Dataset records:
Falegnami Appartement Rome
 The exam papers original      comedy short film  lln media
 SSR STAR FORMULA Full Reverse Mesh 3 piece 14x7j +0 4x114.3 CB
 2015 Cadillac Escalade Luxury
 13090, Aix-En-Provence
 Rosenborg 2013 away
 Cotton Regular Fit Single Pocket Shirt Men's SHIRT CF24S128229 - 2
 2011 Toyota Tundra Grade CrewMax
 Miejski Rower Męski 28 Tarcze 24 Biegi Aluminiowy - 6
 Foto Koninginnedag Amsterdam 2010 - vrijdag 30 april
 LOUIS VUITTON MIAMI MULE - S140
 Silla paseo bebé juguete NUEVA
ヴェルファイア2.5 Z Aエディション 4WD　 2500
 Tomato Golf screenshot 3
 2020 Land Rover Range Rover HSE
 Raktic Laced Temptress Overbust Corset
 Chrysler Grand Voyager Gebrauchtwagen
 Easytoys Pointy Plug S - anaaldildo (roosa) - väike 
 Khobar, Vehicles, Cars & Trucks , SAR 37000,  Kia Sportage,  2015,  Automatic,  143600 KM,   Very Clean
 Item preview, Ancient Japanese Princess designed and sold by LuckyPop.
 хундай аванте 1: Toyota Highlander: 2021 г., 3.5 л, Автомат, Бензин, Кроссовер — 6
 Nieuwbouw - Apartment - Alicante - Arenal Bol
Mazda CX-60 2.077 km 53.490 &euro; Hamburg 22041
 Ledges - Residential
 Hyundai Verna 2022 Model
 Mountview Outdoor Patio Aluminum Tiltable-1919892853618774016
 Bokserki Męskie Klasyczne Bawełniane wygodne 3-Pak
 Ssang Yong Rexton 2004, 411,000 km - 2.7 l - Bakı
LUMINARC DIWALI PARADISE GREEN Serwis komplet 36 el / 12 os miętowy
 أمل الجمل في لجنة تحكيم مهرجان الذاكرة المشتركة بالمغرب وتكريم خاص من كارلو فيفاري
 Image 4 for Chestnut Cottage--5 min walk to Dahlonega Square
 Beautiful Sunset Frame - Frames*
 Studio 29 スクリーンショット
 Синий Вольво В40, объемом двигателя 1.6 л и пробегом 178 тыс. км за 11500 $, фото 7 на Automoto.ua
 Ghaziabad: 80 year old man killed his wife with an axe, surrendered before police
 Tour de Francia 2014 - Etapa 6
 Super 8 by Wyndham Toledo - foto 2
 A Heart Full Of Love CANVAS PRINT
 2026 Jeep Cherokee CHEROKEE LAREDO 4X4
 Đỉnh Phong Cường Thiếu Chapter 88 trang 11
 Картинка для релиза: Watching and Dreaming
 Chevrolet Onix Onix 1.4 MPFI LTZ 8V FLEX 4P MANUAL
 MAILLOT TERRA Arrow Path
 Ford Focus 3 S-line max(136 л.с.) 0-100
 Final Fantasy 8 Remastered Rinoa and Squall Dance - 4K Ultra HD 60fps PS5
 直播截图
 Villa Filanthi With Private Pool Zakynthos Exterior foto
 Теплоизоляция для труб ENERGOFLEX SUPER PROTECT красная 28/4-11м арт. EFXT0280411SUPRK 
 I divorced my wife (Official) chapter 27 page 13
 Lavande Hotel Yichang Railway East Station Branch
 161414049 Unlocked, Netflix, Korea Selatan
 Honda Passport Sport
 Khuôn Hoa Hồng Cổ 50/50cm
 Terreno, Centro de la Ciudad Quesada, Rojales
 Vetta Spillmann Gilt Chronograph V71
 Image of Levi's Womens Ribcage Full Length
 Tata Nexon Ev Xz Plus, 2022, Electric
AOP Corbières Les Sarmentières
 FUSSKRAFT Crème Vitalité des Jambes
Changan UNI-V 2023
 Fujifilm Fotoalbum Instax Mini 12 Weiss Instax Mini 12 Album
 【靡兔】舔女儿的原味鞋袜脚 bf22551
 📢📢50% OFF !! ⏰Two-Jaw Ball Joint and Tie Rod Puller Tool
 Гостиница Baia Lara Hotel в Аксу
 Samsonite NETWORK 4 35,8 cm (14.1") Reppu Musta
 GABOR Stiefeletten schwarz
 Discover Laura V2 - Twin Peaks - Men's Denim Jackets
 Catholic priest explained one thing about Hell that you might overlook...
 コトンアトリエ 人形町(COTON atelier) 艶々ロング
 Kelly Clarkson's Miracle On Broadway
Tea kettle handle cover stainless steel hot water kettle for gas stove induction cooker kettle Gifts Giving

■ **Required work**: Every record above must appear again in the answer, unchanged.

■ **Answer**:
Falegnami Appartement Rome
 The exam papers original      comedy short film  lln media
 SSR STAR FORMULA Full Reverse Mesh 3 piece 14x7j +0 4x114.3 CB
 2015 Cadillac Escalade Luxury
 13090, Aix-En-Provence
 Rosenborg 2013 away
 Cotton Regular Fit Single Pocket Shirt Men's SHIRT CF24S128229 - 2
 2011 Toyota Tundra Grade CrewMax
 Miejski Rower Męski 28 Tarcze 24 Biegi Aluminiowy - 6
 Foto Koninginnedag Amsterdam 2010 - vrijdag 30 april
 LOUIS VUITTON MIAMI MULE - S140
 Silla paseo bebé juguete NUEVA
ヴェルファイア2.5 Z Aエディション 4WD　 2500
 Tomato Golf screenshot 3
 2020 Land Rover Range Rover HSE
 Raktic Laced Temptress Overbust Corset
 Chrysler Grand Voyager Gebrauchtwagen
 Easytoys Pointy Plug S - anaaldildo (roosa) - väike 
 Khobar, Vehicles, Cars & Trucks , SAR 37000,  Kia Sportage,  2015,  Automatic,  143600 KM,   Very Clean
 Item preview, Ancient Japanese Princess designed and sold by LuckyPop.
 хундай аванте 1: Toyota Highlander: 2021 г., 3.5 л, Автомат, Бензин, Кроссовер — 6
 Nieuwbouw - Apartment - Alicante - Arenal Bol
Mazda CX-60 2.077 km 53.490 &euro; Hamburg 22041
 Ledges - Residential
 Hyundai Verna 2022 Model
 Mountview Outdoor Patio Aluminum Tiltable-1919892853618774016
 Bokserki Męskie Klasyczne Bawełniane wygodne 3-Pak
 Ssang Yong Rexton 2004, 411,000 km - 2.7 l - Bakı
LUMINARC DIWALI PARADISE GREEN Serwis komplet 36 el / 12 os miętowy
 أمل الجمل في لجنة تحكيم مهرجان الذاكرة المشتركة بالمغرب وتكريم خاص من كارلو فيفاري
 Image 4 for Chestnut Cottage--5 min walk to Dahlonega Square
 Beautiful Sunset Frame - Frames*
 Studio 29 スクリーンショット
 Синий Вольво В40, объемом двигателя 1.6 л и пробегом 178 тыс. км за 11500 $, фото 7 на Automoto.ua
 Ghaziabad: 80 year old man killed his wife with an axe, surrendered before police
 Tour de Francia 2014 - Etapa 6
 Super 8 by Wyndham Toledo - foto 2
 A Heart Full Of Love CANVAS PRINT
 2026 Jeep Cherokee CHEROKEE LAREDO 4X4
 Đỉnh Phong Cường Thiếu Chapter 88 trang 11
 Картинка для релиза: Watching and Dreaming
 Chevrolet Onix Onix 1.4 MPFI LTZ 8V FLEX 4P MANUAL
 MAILLOT TERRA Arrow Path
 Ford Focus 3 S-line max(136 л.с.) 0-100
 Final Fantasy 8 Remastered Rinoa and Squall Dance - 4K Ultra HD 60fps PS5
 直播截图
 Villa Filanthi With Private Pool Zakynthos Exterior foto
 Теплоизоляция для труб ENERGOFLEX SUPER PROTECT красная 28/4-11м арт. EFXT0280411SUPRK 
 I divorced my wife (Official) chapter 27 page 13
 Lavande Hotel Yichang Railway East Station Branch
 161414049 Unlocked, Netflix, Korea Selatan
 Honda Passport Sport
 Khuôn Hoa Hồng Cổ 50/50cm
 Terreno, Centro de la Ciudad Quesada, Rojales
 Vetta Spillmann Gilt Chronograph V71
 Image of Levi's Womens Ribcage Full Length
 Tata Nexon Ev Xz Plus, 2022, Electric
AOP Corbières Les Sarmentières
 FUSSKRAFT Crème Vitalité des Jambes
Changan UNI-V 2023
 Fujifilm Fotoalbum Instax Mini 12 Weiss Instax Mini 12 Album
 【靡兔】舔女儿的原味鞋袜脚 bf22551
 📢📢50% OFF !! ⏰Two-Jaw Ball Joint and Tie Rod Puller Tool
 Гостиница Baia Lara Hotel в Аксу
 Samsonite NETWORK 4 35,8 cm (14.1") Reppu Musta
 GABOR Stiefeletten schwarz
 Discover Laura V2 - Twin Peaks - Men's Denim Jackets
 Catholic priest explained one thing about Hell that you might overlook...
 コトンアトリエ 人形町(COTON atelier) 艶々ロング
 Kelly Clarkson's Miracle On Broadway
Tea kettle handle cover stainless steel hot water kettle for gas stove induction cooker kettle Gifts Giving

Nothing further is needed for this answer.